If your format your file system with 64K cluster size, then file allocations are always 64K aligned and on average you will see less IOPS on the spindles.  Performance difference will be even larger when it comes to writes to Parity, RAID5 or RAID6 like LUNs. When you are overwriting part of the block storage have to do read-modify-write multiplying number of IOPS that is hitting your spindles. If you overwriting the entire block then it will be exactly one IO.  If you want to be accurate then you need to evaluate what is the average block size you expect your workload to produce. If it is larger than 4K then you want FS cluster size to be at least as large your average IO size so on average it would not get split at the storage layer.  A rule of thumb might be to simply use the same cluster size as block size used by the storage layer.  Always consult your storage vendor for advice, modern storage arrays have very sophisticated tiering and load balancing logic and unless you understand everything about how your storage box works you might end up with unexpected results. Alternatively you can run variety of performance tests with different cluster sizes and see which one gives you better results. If you do not have time to do that then I recommend 64k block size.

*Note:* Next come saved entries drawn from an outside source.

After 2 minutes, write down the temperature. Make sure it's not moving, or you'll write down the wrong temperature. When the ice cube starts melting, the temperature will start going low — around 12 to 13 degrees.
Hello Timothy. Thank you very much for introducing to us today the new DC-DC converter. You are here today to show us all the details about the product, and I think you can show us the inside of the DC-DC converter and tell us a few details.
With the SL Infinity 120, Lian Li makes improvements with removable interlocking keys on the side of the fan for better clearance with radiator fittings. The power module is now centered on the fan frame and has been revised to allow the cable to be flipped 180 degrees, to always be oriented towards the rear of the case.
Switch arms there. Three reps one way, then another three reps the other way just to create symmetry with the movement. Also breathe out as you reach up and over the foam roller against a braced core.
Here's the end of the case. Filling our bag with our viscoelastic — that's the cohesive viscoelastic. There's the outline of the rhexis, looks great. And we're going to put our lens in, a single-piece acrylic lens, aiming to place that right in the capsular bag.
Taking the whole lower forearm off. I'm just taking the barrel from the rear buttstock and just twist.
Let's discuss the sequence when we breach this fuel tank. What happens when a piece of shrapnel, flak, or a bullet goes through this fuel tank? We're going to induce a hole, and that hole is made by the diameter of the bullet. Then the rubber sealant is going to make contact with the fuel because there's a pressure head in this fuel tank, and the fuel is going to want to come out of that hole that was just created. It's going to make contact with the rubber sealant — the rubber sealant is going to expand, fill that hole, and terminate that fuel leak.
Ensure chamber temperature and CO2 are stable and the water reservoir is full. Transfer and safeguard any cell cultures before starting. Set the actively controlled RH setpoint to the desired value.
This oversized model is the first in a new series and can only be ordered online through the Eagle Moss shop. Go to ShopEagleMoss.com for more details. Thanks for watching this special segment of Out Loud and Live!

Performance of HDD/SSD might change after updating disk or storage box firmware so it might save you time if you rerun performance tests after update.

As you are running the tests you can use performance counters described here http://blogs.msdn.com/b/clustering/archive/2014/06/05/10531462.aspx to get further insights into behavior of each layer by monitoring average queue depth, latency, throughput and IOPS at CSV, SMB and Physical Disk layers. For instance if your disk is bottleneck then latency, and queue depth at all of these layers will be the same. Once you see queue depth and latency at the higher level is above what you see on the disk that means this layer might be the bottleneck.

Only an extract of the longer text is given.